Theissen: GP Turcji jest wyjątkowe
Robert Kubica szczególnie cieszy się na zakręt nr 8 - właściwie cztery łuki, przejeżdżane z szybkością 250 km/godz. - To zachwycający tor - powiedział Robert. - Zakręt 8 jest już sławny w F1. Większość kierowców uznaje tę sekcję toru za spore wyzwanie. Jest bardzo długa i w rzeczywistości składa się z czterech różnych zakrętów. Jeżeli pokonujesz ją właściwą linią, dostarcza wielkiej frajdy.
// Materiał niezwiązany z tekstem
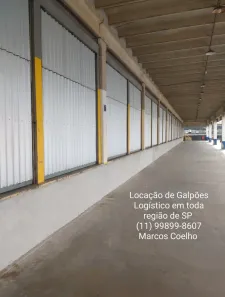 Galpão / Depósito / Armazém para alugar, 500m² no Piratininga, Osasco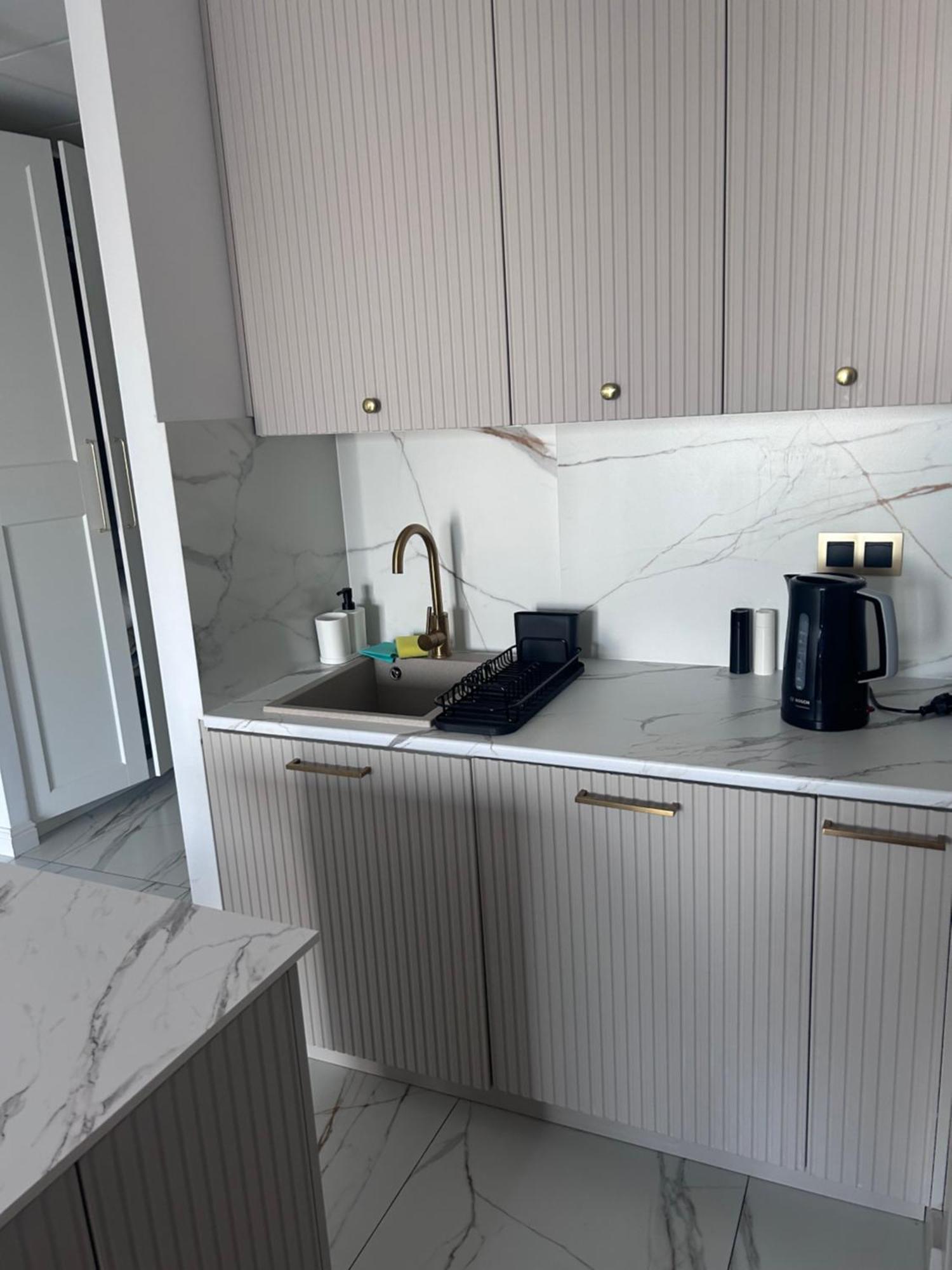 Apartament Wola Tower Kasprzaka 29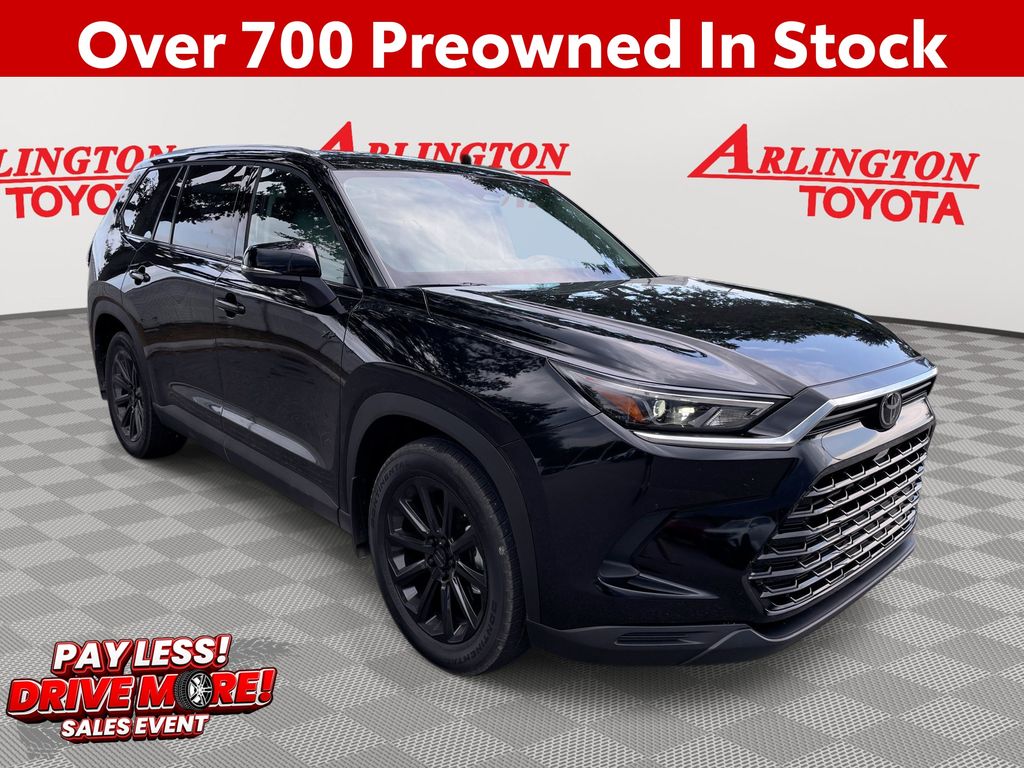 2026 Toyota Grand Highlander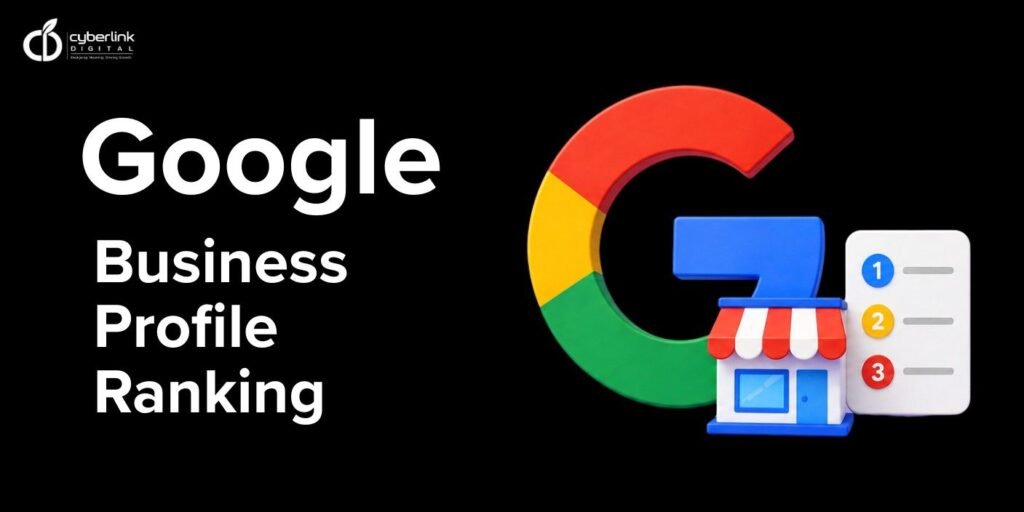 Guide to improving Google Business Profile ranking through local SEO and profile optimization strategies.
Tor może być również nieco zdradliwy, bo czasem uderzasz podłogą o asfalt, tracisz trakcję i samochód staje się niestabilny. W ubiegłym roku nie byliśmy tam zbyt szybcy. Mam nadzieję, że w 2007 sprawy będą wyglądały lepiej.
- Grand Prix Turcji stanowi pozytywny dodatek do kalendarza F1 - uznał Mario Theissen. - Turcy zbudowali po azjatyckiej stronie Stambułu wspaniały tor o interesującej konfiguracji. Miasto oferuje mnóstwo atrakcji dla partnerów zespołu. Ta Grand Prix jest również wyjątkowa z logistycznego punktu widzenia, ponieważ ciężarówki zespołów muszą pokonać najdłuższy dystans w sezonie. Trochę ułatwia sprawę długa przerwa przed wyścigiem.